Due to the worksite location, the survey was carried out in day shift as this section is on the mainline between Royal Wooten Basset and Chippenham. It was undertaken by a team of 2 comprising Snr Utility surveyor, a Land surveyor, and client-supplied supervision/COSS.

GPR was the method that the client’s Project Managers had suggested. The survey area had undergone a de-veg, but the undulating ground and remaining vegetation Ground Penetrating Radar would have been ineffective.

As the pipe was constructed of cast iron, we decided that radio detection was ideal for detecting the pipe and giving more accurate depth readings. The direct connection method was used by attaching leads to the drainage pipe and using a frequency of 8.19Khz via the transmitter.

Site works were completed within 4 hours, and the syphon pipe was fully traced with depths recorded. From this information, we saw a significant depth change over a small area, thus noting the underground profile/direction change.

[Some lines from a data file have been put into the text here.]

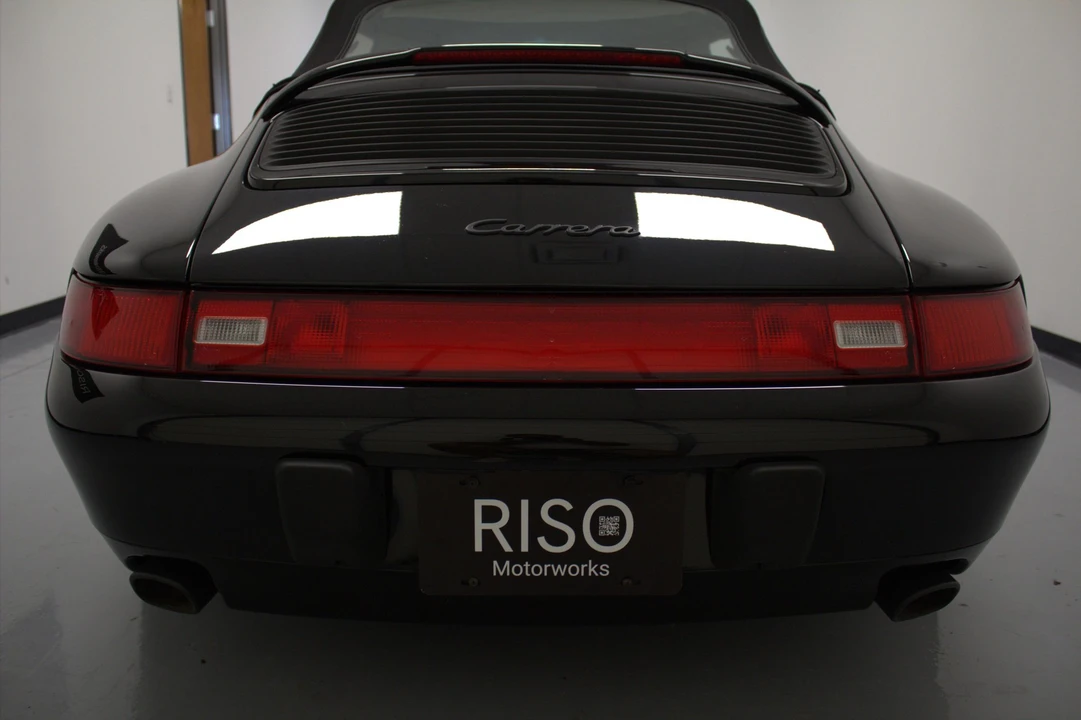 1995 Porsche 993 Carrera - Image 14 of 31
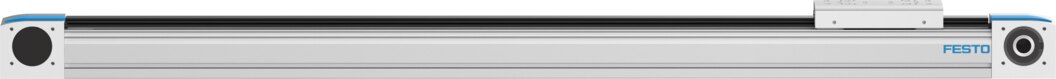 Toothed belt axis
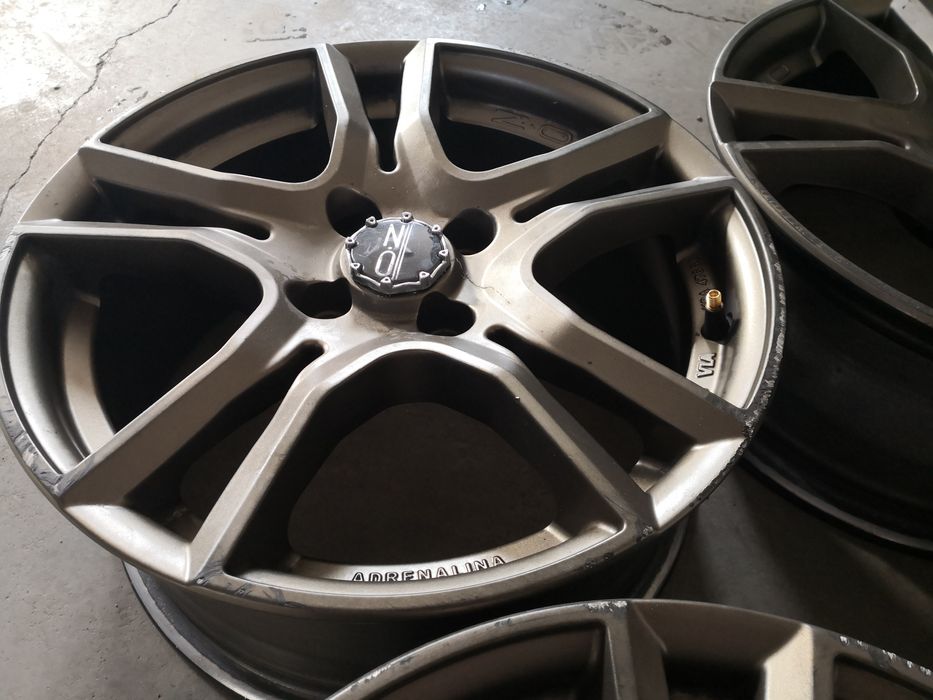 4х100 oz джанти рено дачия 4x100 renault dacia 16 цола джанти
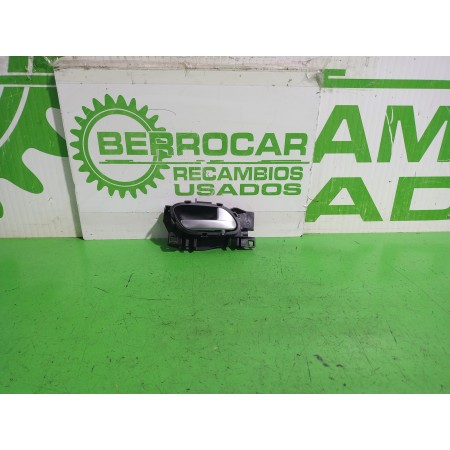 Recambio de maneta interior delantera derecha para peugeot 2008 (--.2013) allure referencia OEM IAM 96555516VV  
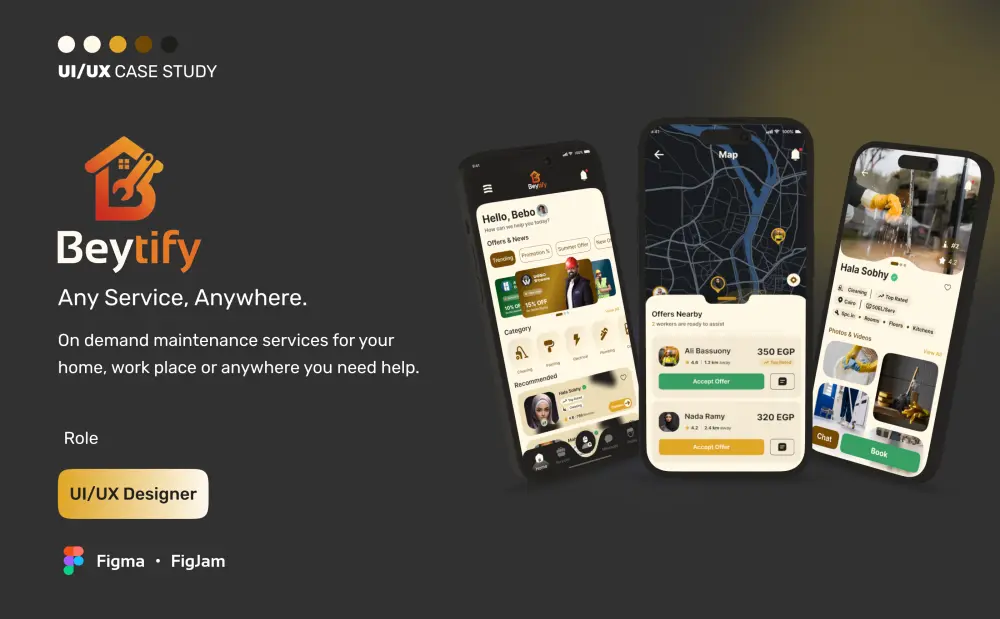 تصميم وبرمجة تطبيق Flutter احترافي ( Android و iOS)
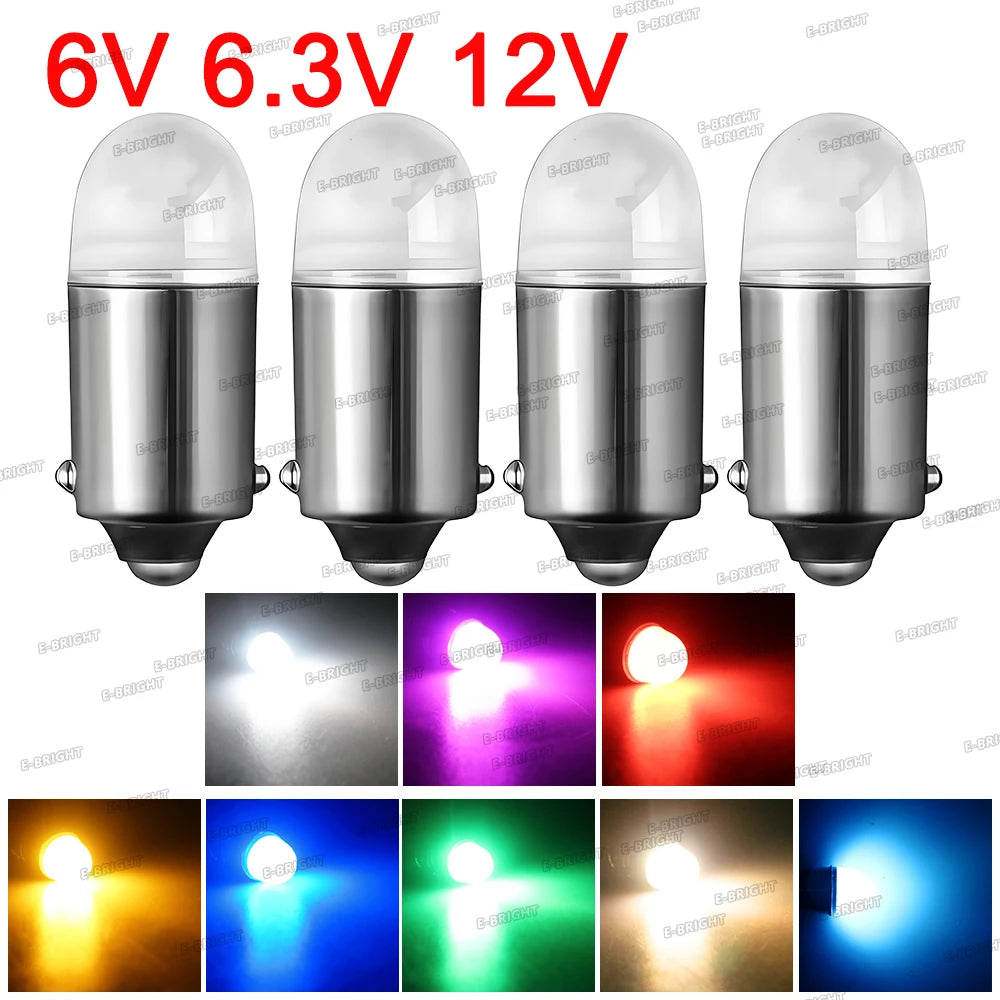4P Ac 6V 6.3v 12V No Polar T11 H6W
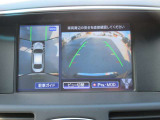 【全周囲カメラ】上が丸見え!! 駐車時に周りの様子が見えます。駐車時も安心ですよ!!
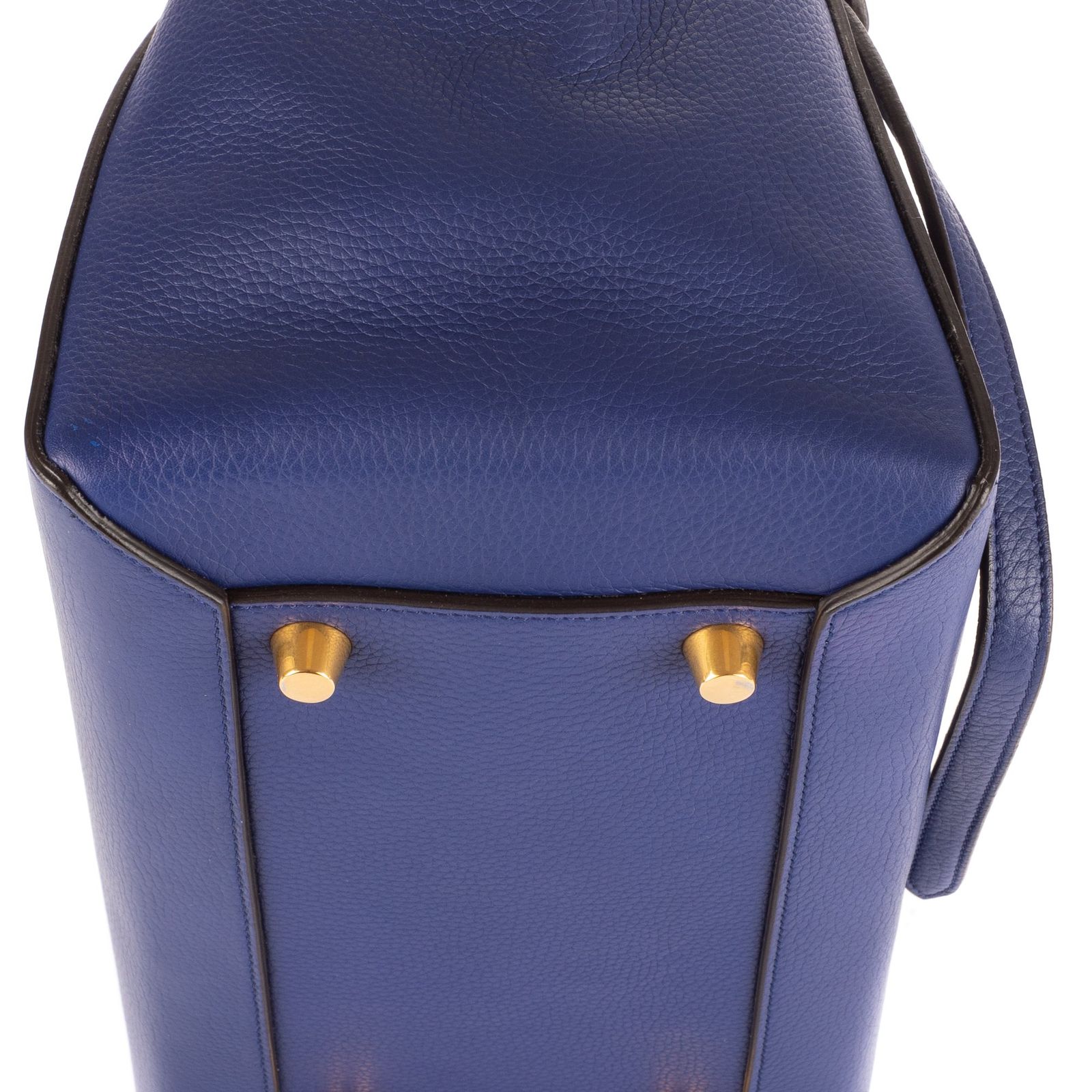  CELINE セリーヌミニベルト青カーフスキンA その他 バッグ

Deliverables were compiled in 1 dayshift and issued to the client. We managed to catch up with the supervisor who attended the worksite on the day of the survey a few weeks later. He informed us that he was also present at the remedial work to repair the damaged syphon pipe. The survey information was “bang on”. The pipe was damaged on the horizontal section, as noted.

The client had expressed concern that the pipe area that had been struck was a connecting piece of the main pipe. Therefore it would require a full excavation of the pipe to replace.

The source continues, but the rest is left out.